IP: Germany spends less on its military than other European powers such as France and Great Britain. The recent reforms to the Bundeswehr suggest that Germany will continue on this course. Is this model sustainable for Germany?

Watson:  I think Germany will eventually have to expand its military budget but in a context where other Europeans are anyway reducing theirs. In the next ten years or so people who fought in World War II will all be dead, and attitudes to German militarism will soften even more. In any case, as I show in the book, the statistics reveal that Germany in the early 20th century was not the most militaristic country: France and the US were. Two world wars have simply played havoc with knowledge levels and it takes time to go back and clean up.
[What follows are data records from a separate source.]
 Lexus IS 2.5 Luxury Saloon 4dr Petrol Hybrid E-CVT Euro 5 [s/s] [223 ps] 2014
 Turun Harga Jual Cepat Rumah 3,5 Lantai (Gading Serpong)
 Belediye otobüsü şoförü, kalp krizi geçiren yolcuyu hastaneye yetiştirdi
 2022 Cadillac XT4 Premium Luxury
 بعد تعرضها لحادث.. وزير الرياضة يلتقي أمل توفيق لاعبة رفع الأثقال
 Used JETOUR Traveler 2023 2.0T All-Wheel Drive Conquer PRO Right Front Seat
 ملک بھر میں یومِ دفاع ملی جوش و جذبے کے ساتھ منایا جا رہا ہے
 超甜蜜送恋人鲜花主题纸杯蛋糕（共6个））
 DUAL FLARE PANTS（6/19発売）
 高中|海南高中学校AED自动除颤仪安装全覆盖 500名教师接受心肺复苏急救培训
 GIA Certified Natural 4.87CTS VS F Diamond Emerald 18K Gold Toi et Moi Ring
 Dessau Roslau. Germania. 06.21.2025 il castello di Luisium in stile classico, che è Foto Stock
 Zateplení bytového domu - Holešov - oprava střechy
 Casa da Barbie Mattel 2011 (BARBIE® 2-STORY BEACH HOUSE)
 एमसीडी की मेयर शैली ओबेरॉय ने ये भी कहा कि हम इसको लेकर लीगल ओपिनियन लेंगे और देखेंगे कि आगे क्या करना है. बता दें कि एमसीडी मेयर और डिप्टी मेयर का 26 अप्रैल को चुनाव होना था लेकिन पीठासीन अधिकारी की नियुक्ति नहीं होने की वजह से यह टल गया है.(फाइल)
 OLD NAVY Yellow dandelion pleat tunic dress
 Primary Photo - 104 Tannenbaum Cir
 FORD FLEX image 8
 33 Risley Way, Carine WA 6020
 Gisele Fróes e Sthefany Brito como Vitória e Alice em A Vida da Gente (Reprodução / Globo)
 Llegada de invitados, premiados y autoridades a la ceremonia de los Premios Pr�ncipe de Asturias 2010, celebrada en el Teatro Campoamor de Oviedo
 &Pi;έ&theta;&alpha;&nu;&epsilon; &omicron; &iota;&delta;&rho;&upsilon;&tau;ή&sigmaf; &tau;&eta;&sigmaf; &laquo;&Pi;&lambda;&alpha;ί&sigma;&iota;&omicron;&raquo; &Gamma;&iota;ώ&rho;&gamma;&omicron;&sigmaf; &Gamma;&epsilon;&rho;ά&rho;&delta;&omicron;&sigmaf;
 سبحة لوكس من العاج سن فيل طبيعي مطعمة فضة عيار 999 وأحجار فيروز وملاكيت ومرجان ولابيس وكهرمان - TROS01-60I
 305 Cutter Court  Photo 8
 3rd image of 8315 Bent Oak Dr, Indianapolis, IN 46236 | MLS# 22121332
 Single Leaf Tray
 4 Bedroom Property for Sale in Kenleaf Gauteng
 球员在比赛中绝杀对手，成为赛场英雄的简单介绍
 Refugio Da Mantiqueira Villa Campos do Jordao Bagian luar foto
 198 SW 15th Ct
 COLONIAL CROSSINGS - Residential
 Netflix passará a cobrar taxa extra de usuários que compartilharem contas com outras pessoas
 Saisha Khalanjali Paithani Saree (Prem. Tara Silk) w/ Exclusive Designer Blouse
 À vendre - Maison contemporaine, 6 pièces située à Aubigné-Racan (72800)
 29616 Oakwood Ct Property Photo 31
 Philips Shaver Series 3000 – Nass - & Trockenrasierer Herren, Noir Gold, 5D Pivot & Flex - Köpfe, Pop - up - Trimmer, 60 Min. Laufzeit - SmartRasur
IP: In the 19th century, Germany’s technical universities were world-renowned. In the early 20th century, Germany boasted some of the world’s most influential philosophers and social scientists. What do you see as Germany’s predominant contribution to the world in the 21st century?

Watson: In the 21st century the German Max Planck institutes will consolidate their growing role in science, in genetics, in biology generally, in physics. In philosophy, people like Axel Honneth will take over from where Habermas leaves off. Habermas is a good case in point. He is probably the best contemporary philosopher—vastly prolific—but is unknown generally in comparison to the pope, with whom he has written a book.

IP: Has Germany played its cards right? Is there anything missing from its cultural approach on the world stage?

Watson: I don’t think Germany has played its cards badly. It could probably do more in the field of popular entertainment, to help spread its soft power. The Berlin Philharmonic comes to London and New York. Is there any way Bayreuth could come? Or a version of the Munich Oktoberfest? Martin Roth has just arrived from Dresden at the V&A in London, but no song and dance has been made. The White Ribbon, The Lives of Others, and Goodbye Lenin went down very well in Britain. More please.

Interview conducted by Colin M. Adams and Henning Hoff.

PETER WATSON is an intellectual historian and the author of several books. His most recent work, The German Genius, was published in 2010.